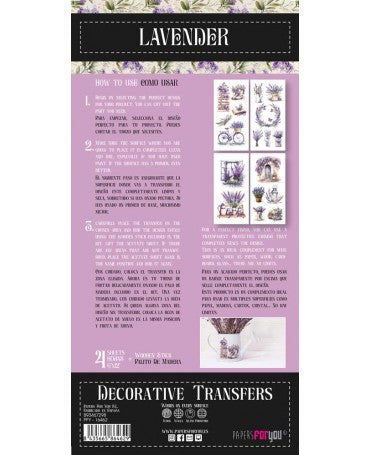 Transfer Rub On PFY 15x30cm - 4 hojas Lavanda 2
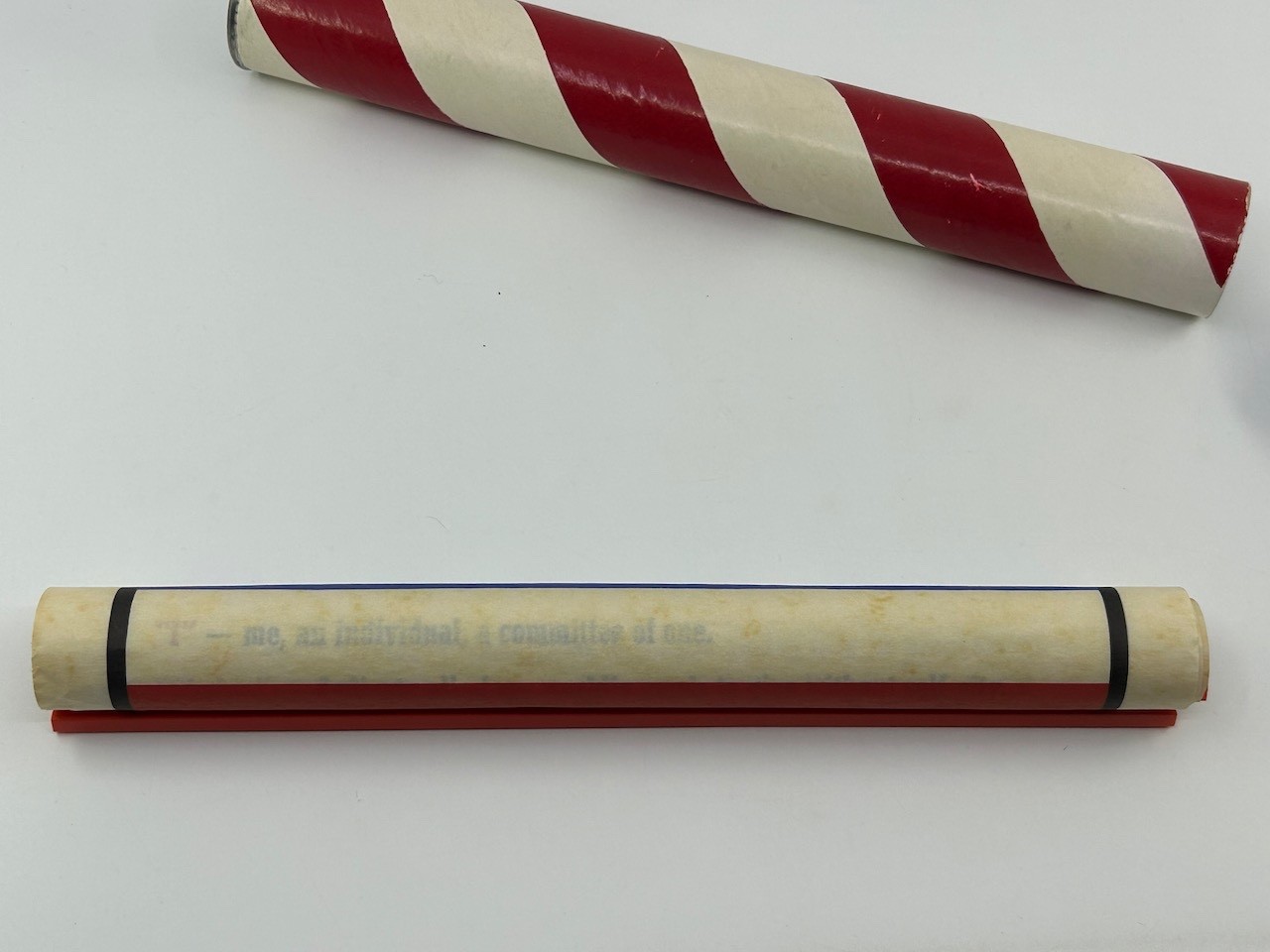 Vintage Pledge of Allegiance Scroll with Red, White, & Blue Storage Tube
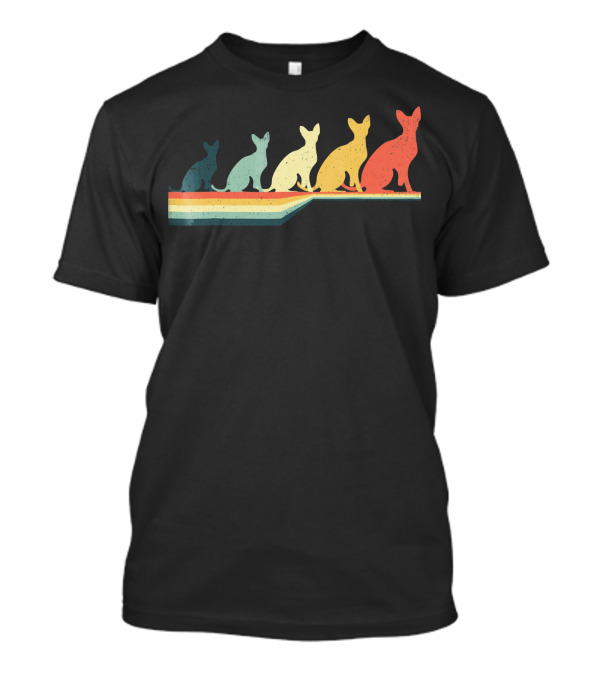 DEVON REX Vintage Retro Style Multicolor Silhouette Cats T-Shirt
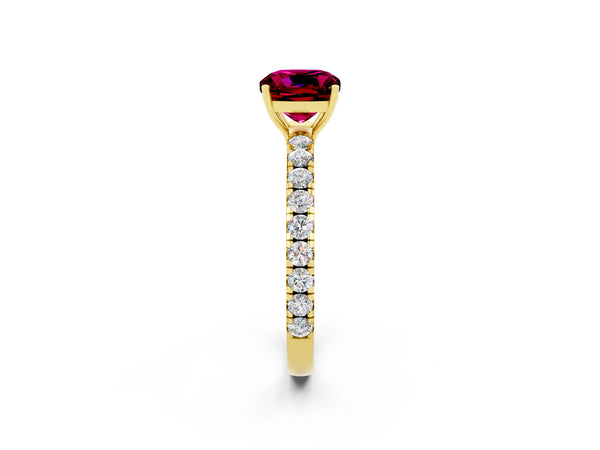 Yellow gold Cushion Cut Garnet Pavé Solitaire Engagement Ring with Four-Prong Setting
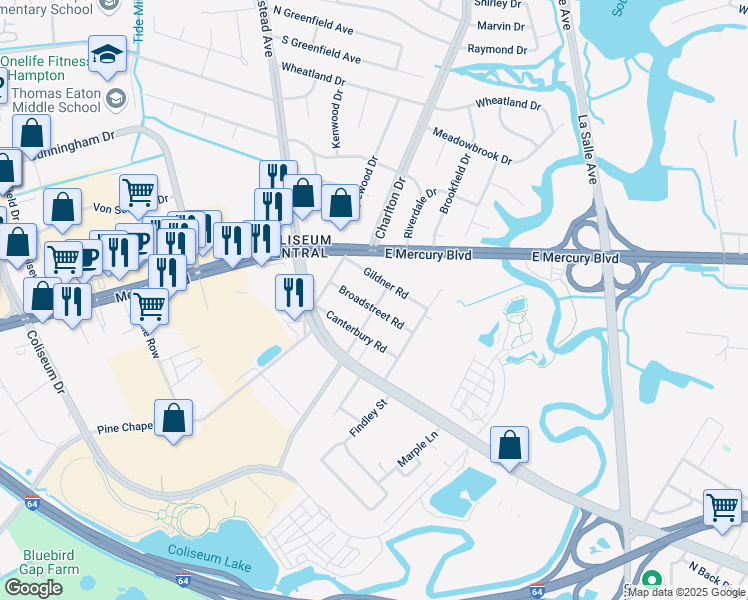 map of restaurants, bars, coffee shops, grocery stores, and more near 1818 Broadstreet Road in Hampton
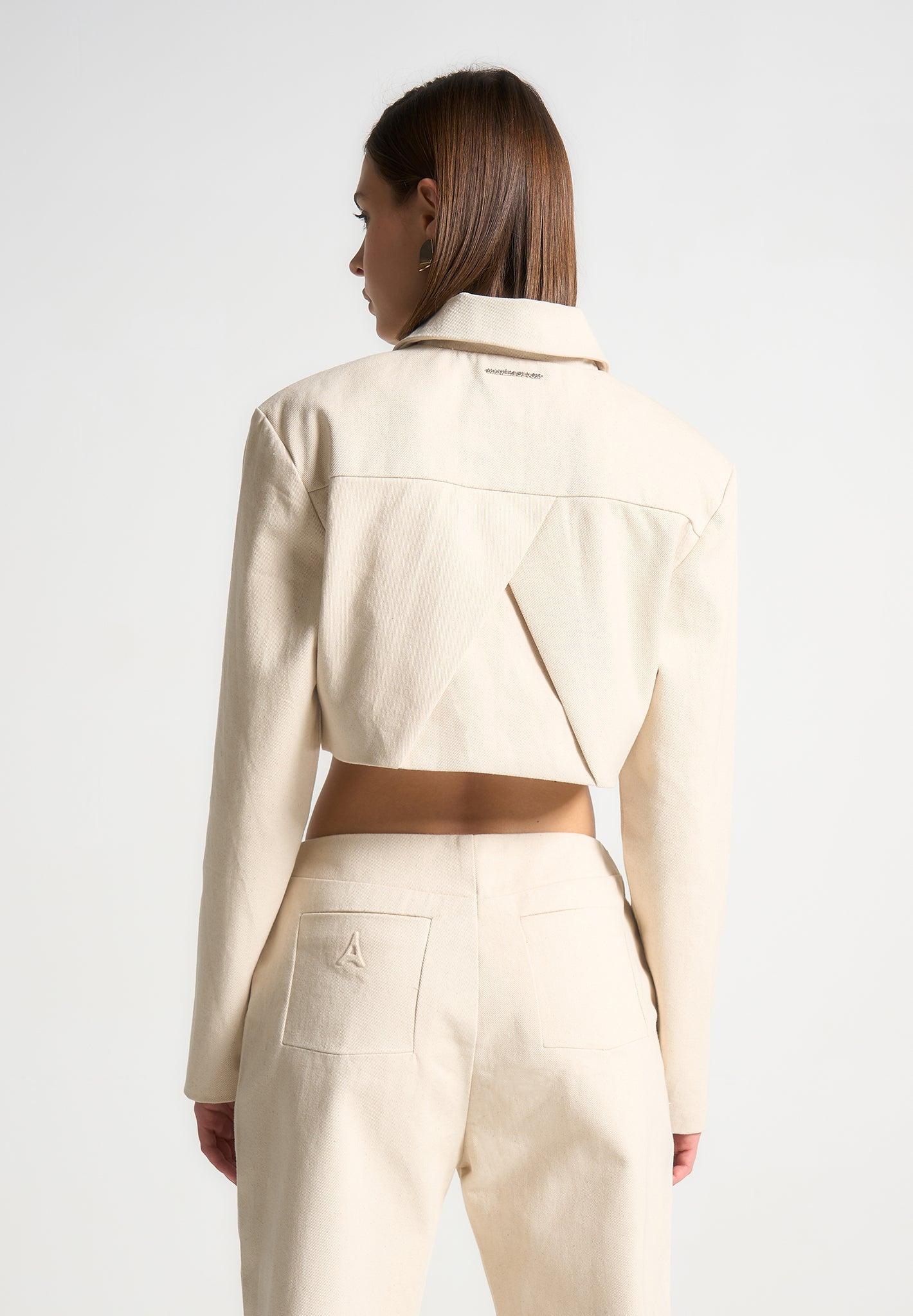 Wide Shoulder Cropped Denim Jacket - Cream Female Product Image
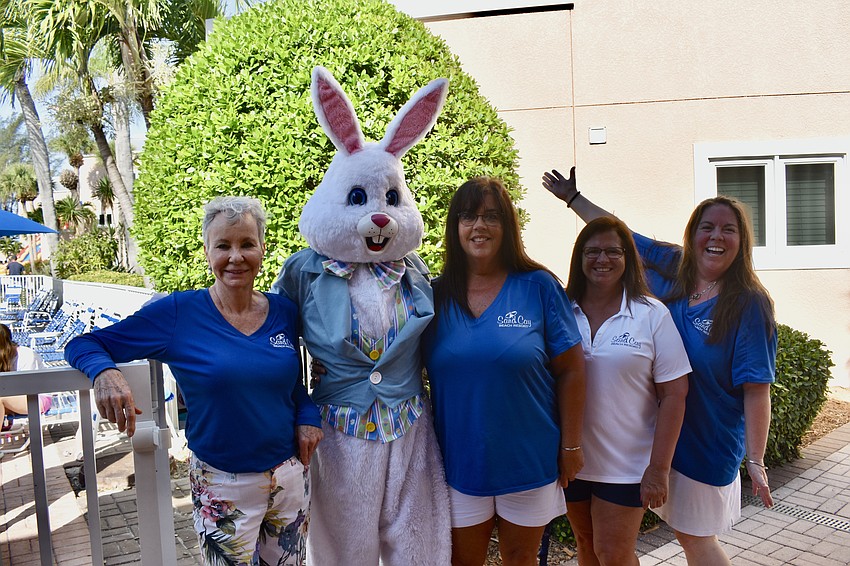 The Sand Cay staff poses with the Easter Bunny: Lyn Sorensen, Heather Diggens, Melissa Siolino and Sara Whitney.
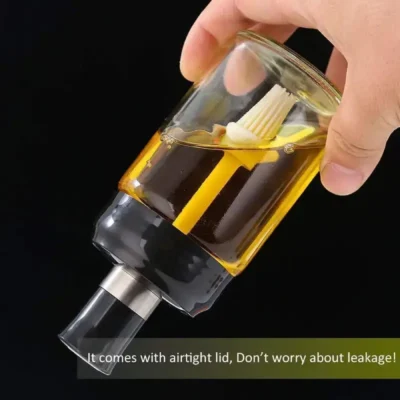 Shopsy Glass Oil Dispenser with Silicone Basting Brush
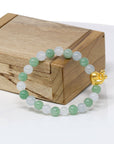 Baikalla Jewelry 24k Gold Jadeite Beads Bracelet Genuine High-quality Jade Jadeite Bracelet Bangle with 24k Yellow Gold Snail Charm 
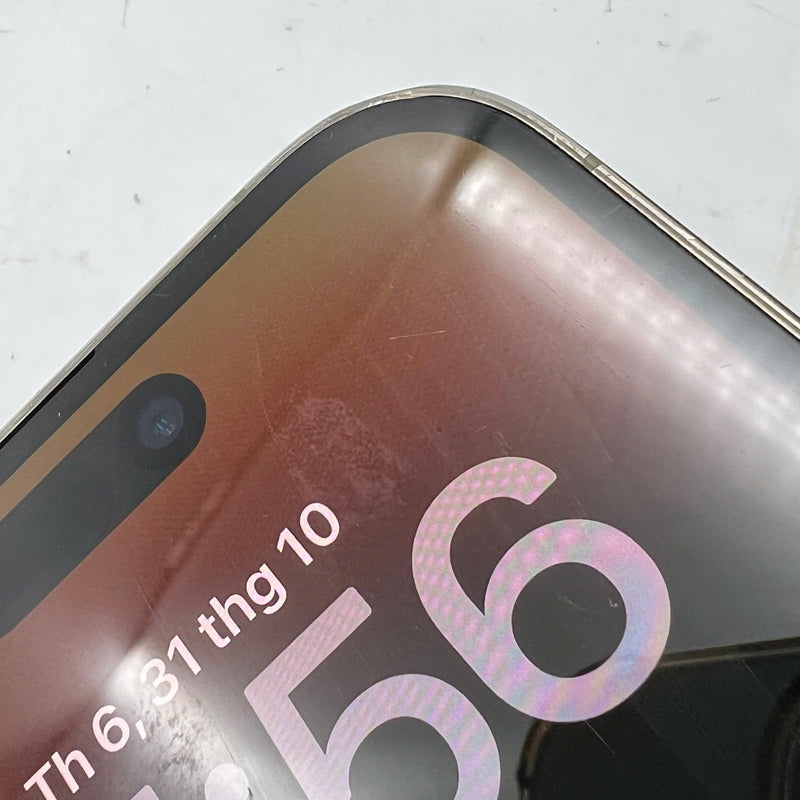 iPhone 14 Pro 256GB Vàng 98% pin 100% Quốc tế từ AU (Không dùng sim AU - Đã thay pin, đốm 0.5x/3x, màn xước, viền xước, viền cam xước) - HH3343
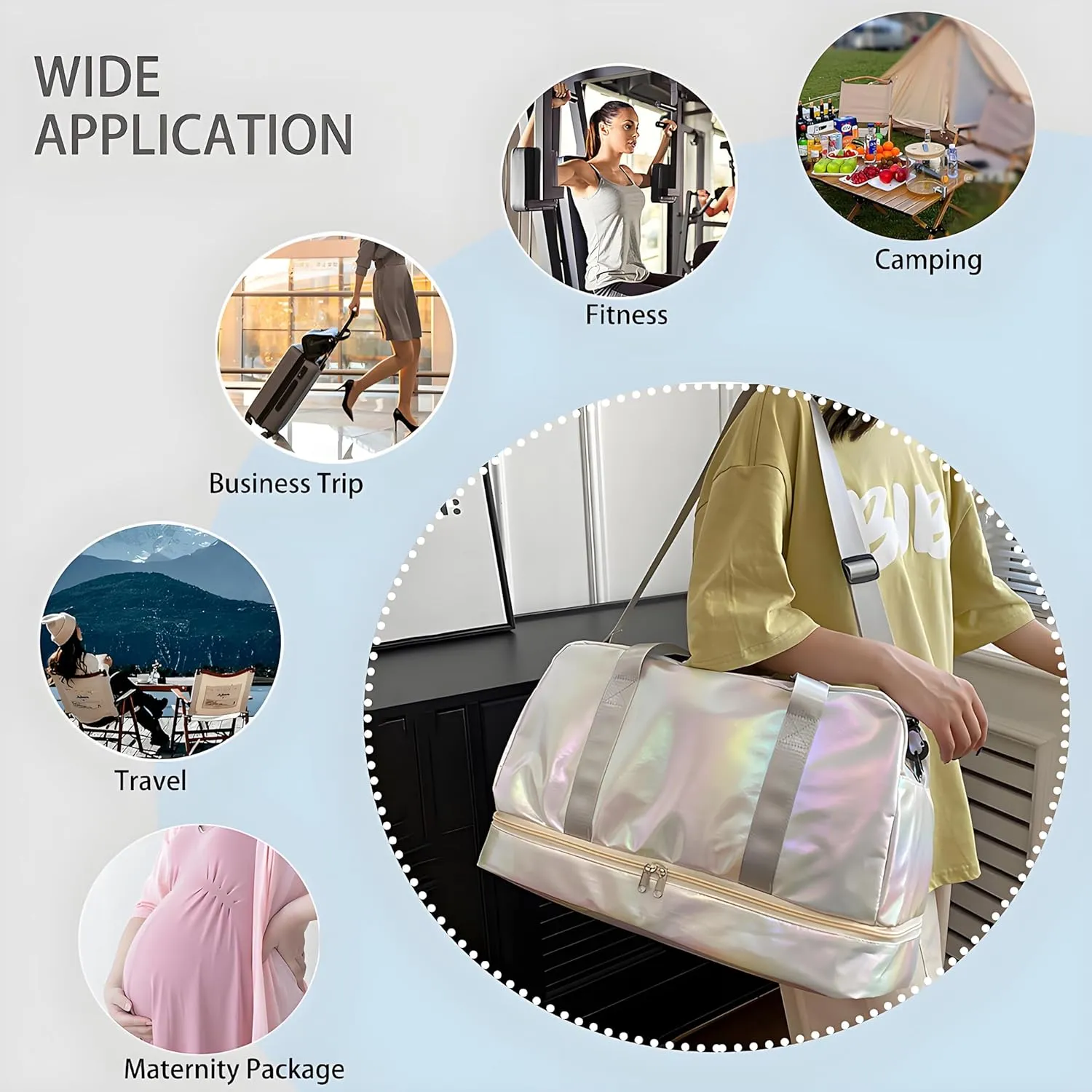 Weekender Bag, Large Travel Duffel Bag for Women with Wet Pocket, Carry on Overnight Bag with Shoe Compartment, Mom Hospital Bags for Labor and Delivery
..........
## Goal of the exercise:
Only the lines from the one containing "iPhone 14 Pro" through the last line of the data may appear in the answer, each given again exactly and with pictures left out.

## Reply to the exercise:
 iPhone 14 Pro 256GB Vàng 98% pin 100% Quốc tế từ AU (Không dùng sim AU - Đã thay pin, đốm 0.5x/3x, màn xước, viền xước, viền cam xước) - HH3343
 Weekender Bag, Large Travel Duffel Bag for Women with Wet Pocket, Carry on Overnight Bag with Shoe Compartment, Mom Hospital Bags for Labor and Delivery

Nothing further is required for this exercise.